**Assignment**
Restate exactly the lines below, from the one containing "ANYA Postnatal Multivitamin" through the final line, and leave out the pictures.

**Dataset excerpt**
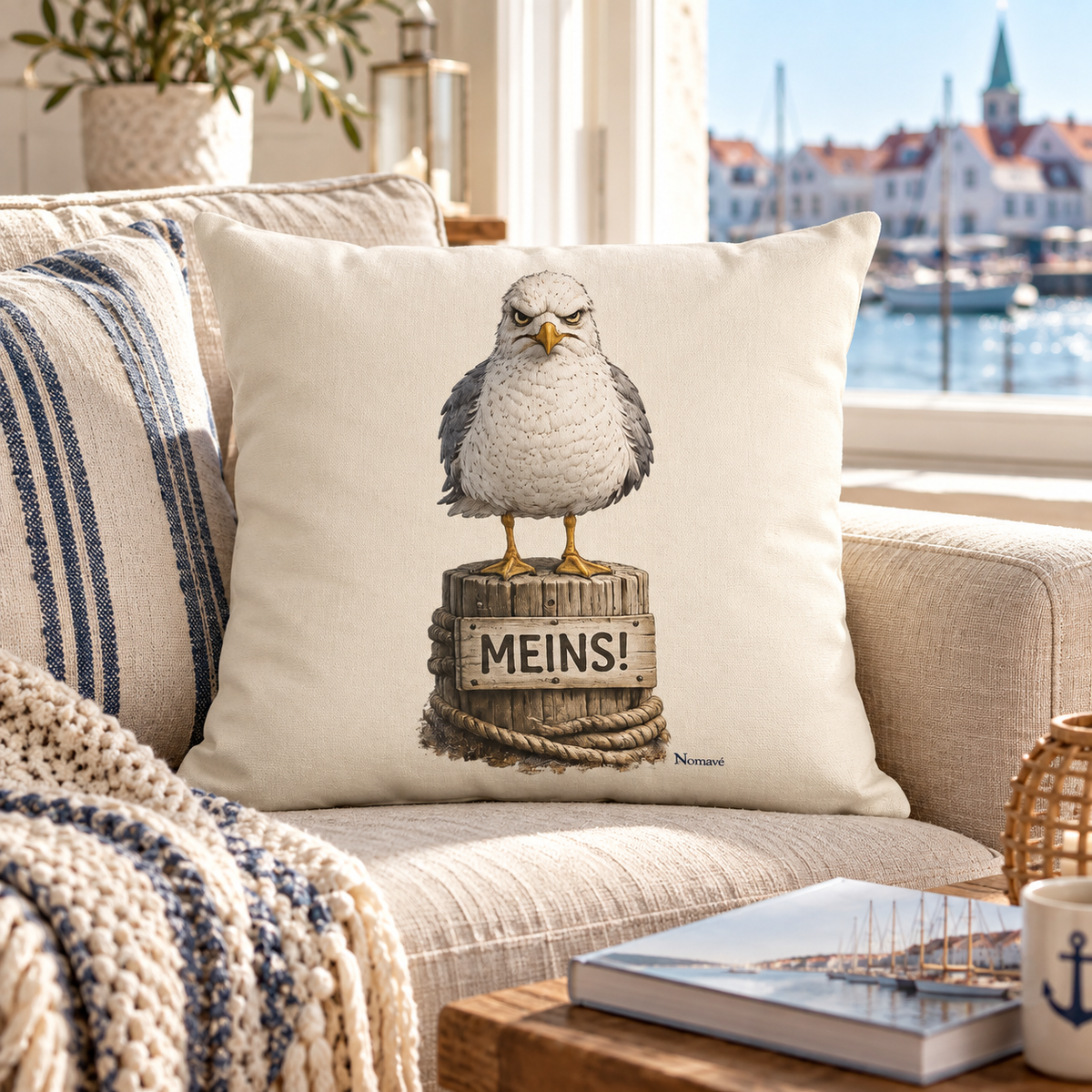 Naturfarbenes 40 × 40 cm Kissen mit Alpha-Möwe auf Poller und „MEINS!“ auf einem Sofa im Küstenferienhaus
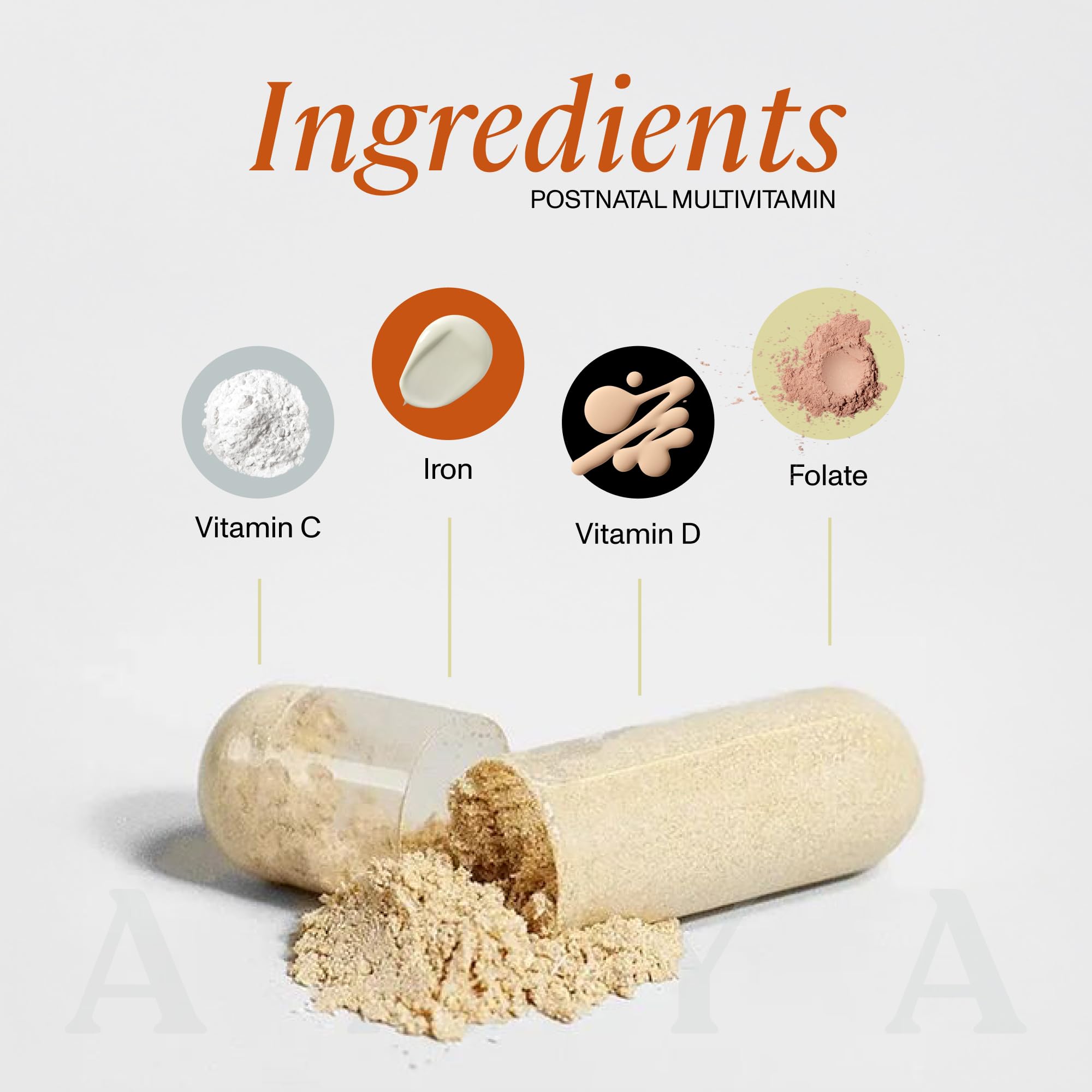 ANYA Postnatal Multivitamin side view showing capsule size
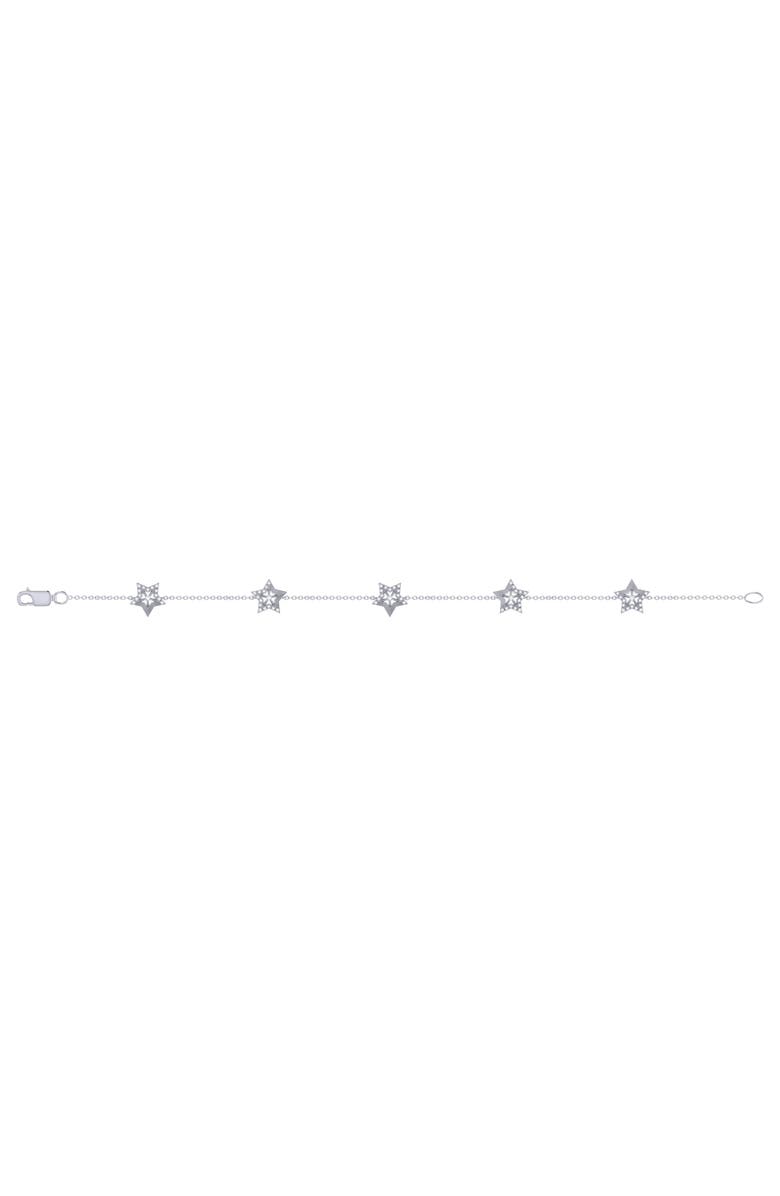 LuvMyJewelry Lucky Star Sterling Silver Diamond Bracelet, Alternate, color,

**Problem solution**
 ANYA Postnatal Multivitamin side view showing capsule size
 LuvMyJewelry Lucky Star Sterling Silver Diamond Bracelet, Alternate, color,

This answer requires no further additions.